Capturing the Reason For Change for Type 2 changes

  • If I want to populate a ReasonForChange column in a dimension table for Type 2 changes, is it best practice to populate that column in the new row (the one with an EndDate of 9999-12-31 and IsCurrent = 'Y') or the old row (with EndDate = the date the attribute changed and IsCurrent = 'N')?

    Or both perhaps?

    I'm fine with writing the code to identify the ReasonForChange, just not sure where to write the value.

    Thanks

    Lempster

  • I'm by no means an expert of any kind on data warehousing so take this as my opinion.

    I would put it in the expired record since the change is the reason why the record expired. The current record has no reason for change since it hasn't changed.

  • It depends.....mostly on the level of tracking data that you want to keep. If you are storing something minor, then it is probably not an issue to keep it in the table. Just make sure you document and stay consistent on which record has the change info. Normally, I would put it in the new record and try not to touch the old record.

    We have systems where they want to search for which column changed, so we have a second table to store the changed data in column/value format. It may seem redundant, but it makes the searches run fast.

    I have seen approaches where the keep the change data in XML format. Any design that would use blob data should use a separate table.

  • Lempster (1/29/2014)


    If I want to populate a ReasonForChange column in a dimension table for Type 2 changes, is it best practice to populate that column in the new row (the one with an EndDate of 9999-12-31 and IsCurrent = 'Y') or the old row (with EndDate = the date the attribute changed and IsCurrent = 'N')?

    Or both perhaps?

    I'm fine with writing the code to identify the ReasonForChange, just not sure where to write the value.

    Thanks

    Lempster

    You don't need the pain of maintaining an "IsCurrent" column for Type 2 SCDs. If you have both a start and end date per TYPE 2 SCDs, the dates are good enough to tell you what is current especially since you were smart enough to NOT use a NULL end date. I'll also recommend that you don't actually use 9999-12-31 as an end date. Instead, use 9999-12-30 or even just '9999' (which will auto-magically convert to 9999-01-01) so you have at least 1 day of "headroom" for certain range calculations.

    --Jeff Moden


    RBAR is pronounced "ree-bar" and is a "Modenism" for Row-By-Agonizing-Row.
    First step towards the paradigm shift of writing Set Based code:
    ________Stop thinking about what you want to do to a ROW... think, instead, of what you want to do to a COLUMN.

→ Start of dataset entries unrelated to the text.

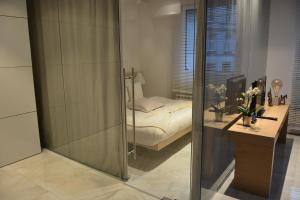 维也纳Elegant Cozy Apartment的一间卧室配有一张床和镜子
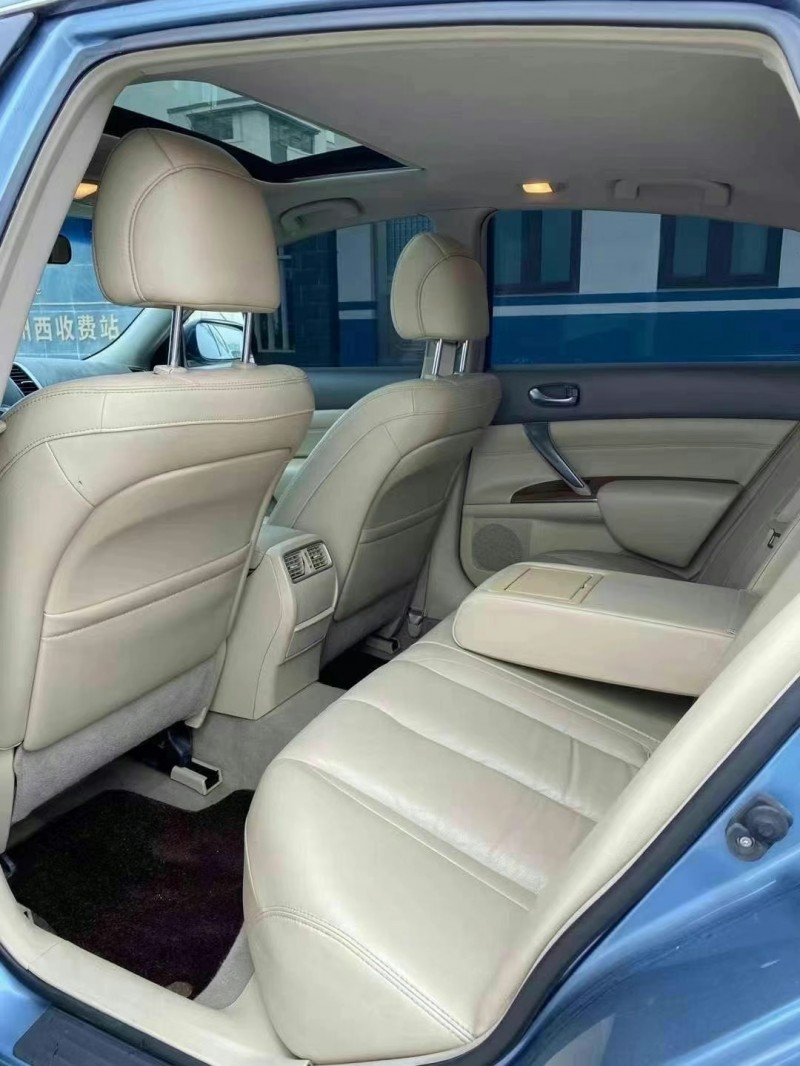 济宁11年日产天籁1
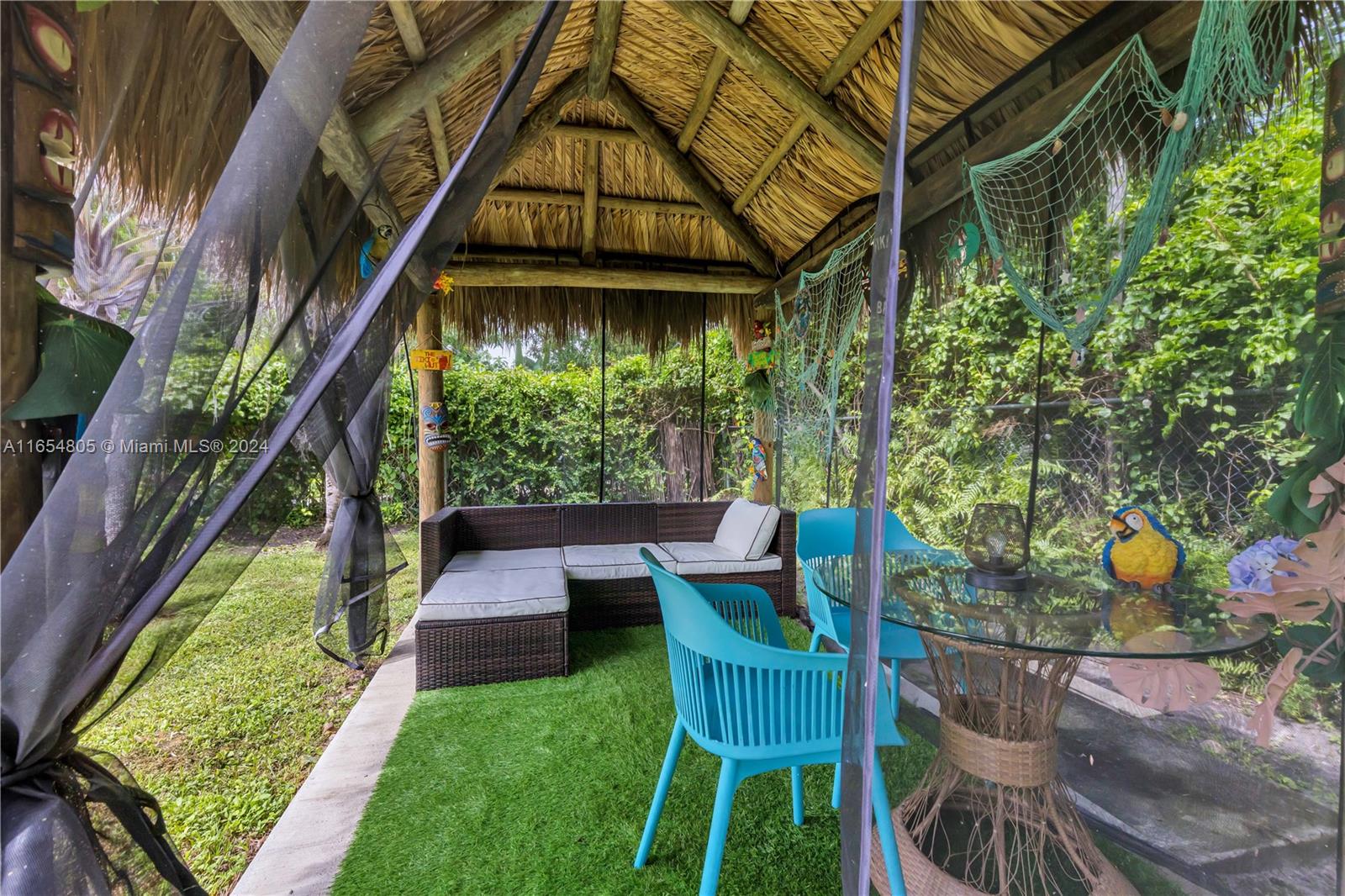 SUNSET TRAILS - Residential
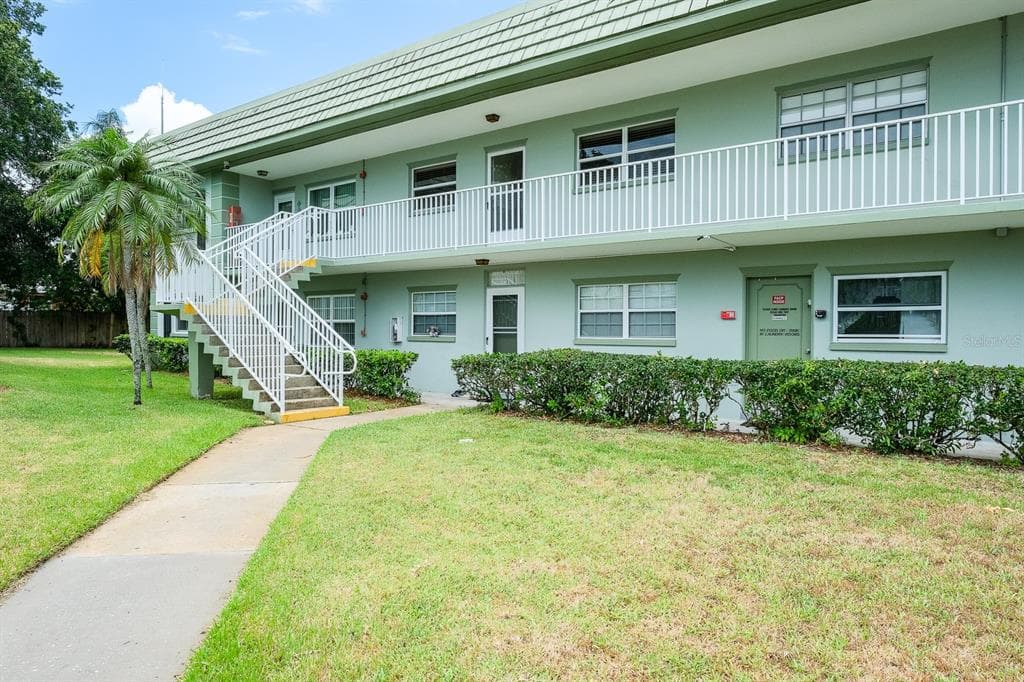 1433 S BELCHER ROAD UNIT F12 CLEARWATER, FL 33764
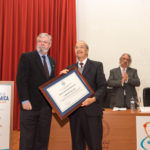 Antonio Macho, Decano-Presidente del Consejo General de Colegios Oficiales de Químicos de España (izda.) entrega el Premio a la Excelencia Química 2016 a Sebastián Delgado Díaz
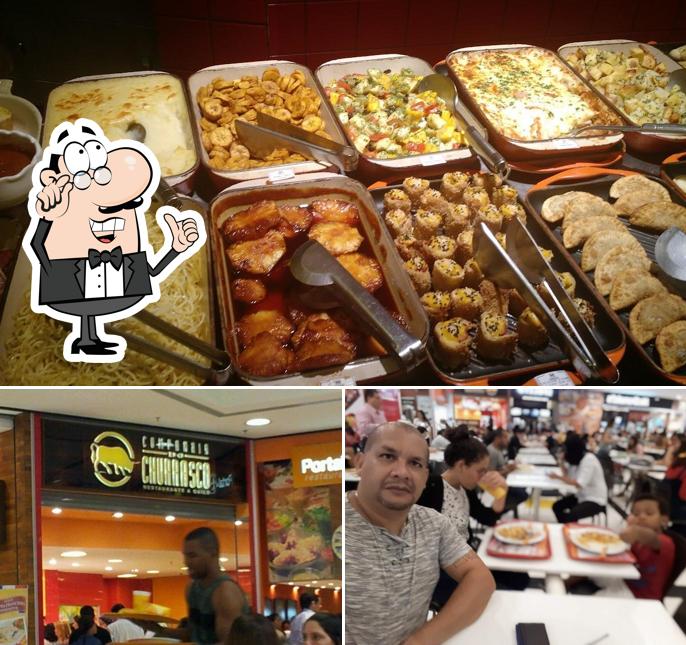 O interior do Companhia do Churrasco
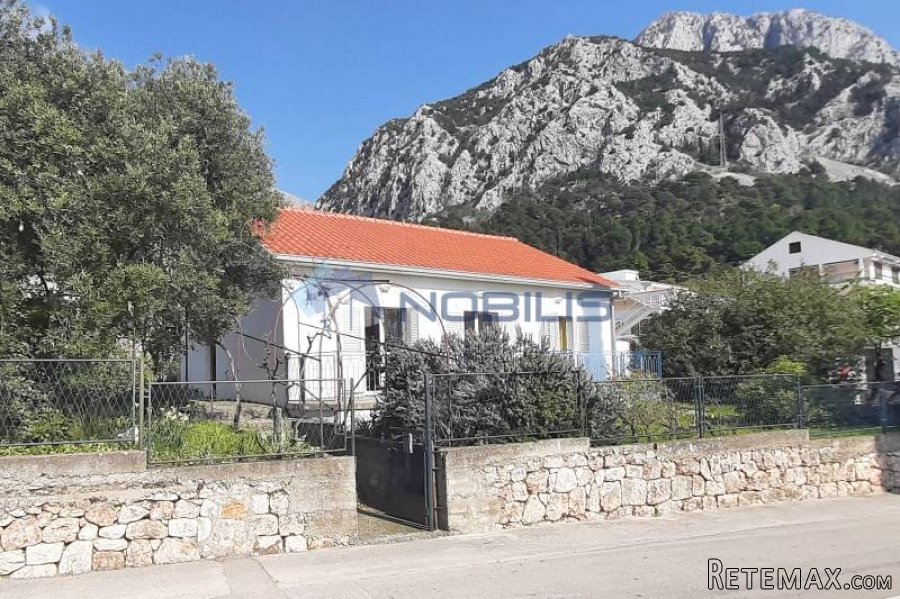 Gradac, kuća 120 m2 + okućnica 442 m2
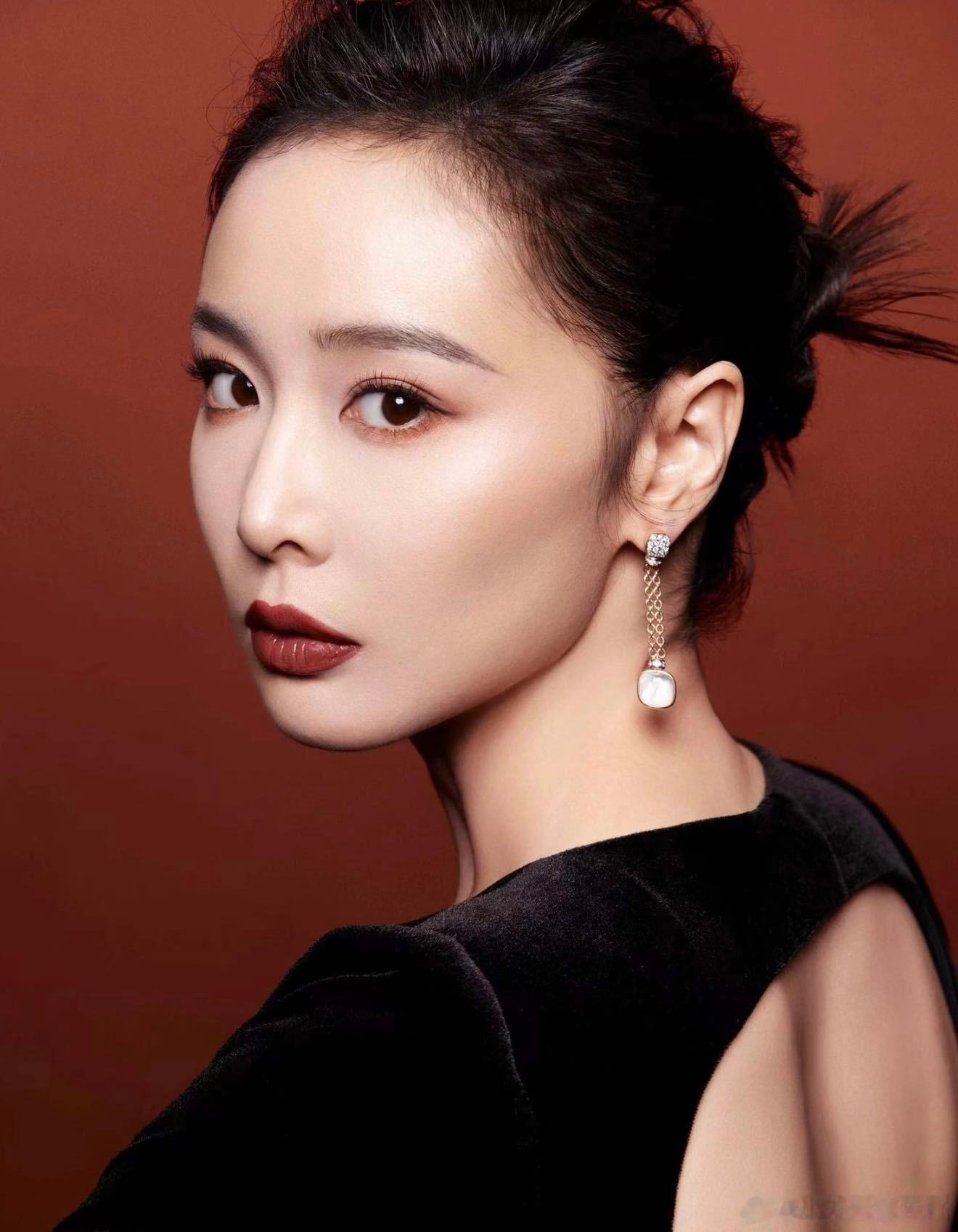 高叶敢接别人不敢碰的角色，而且演啥像啥。你可以说她不是传统的“大美人”路线，却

    Change is inevitable... Change for the better is not.


    Helpful Links:
    How to post code problems
    How to Post Performance Problems
    Create a Tally Function (fnTally)

  • Thanks for the replies folks. As JustMarie and EricEyster made opposing arguments, I guess the most important point is to be consistent!

    Jeff, I don't see it as much of a pain to maintain a IsCurrent flag; I agree that it could be seen as superfluous, but I'm just following Kimball best practice which states:

    ...the current-flag provides a rapid way to isolate exactly the set of dimension members that is in effect at the moment of the query.

    So it's for ease of querying more than anything else. Thanls for the tip about the EndDate value though - I think I can afford to lose most of the year 9999 :-). (Although thinking in that vein lead to the Y2K problem didn't it? ;-))

  • Lempster (2/27/2014)


    Thanks for the replies folks. As JustMarie and EricEyster made opposing arguments, I guess the most important point is to be consistent!

    Jeff, I don't see it as much of a pain to maintain a IsCurrent flag; I agree that it could be seen as superfluous, but I'm just following Kimball best practice which states:

    ...the current-flag provides a rapid way to isolate exactly the set of dimension members that is in effect at the moment of the query.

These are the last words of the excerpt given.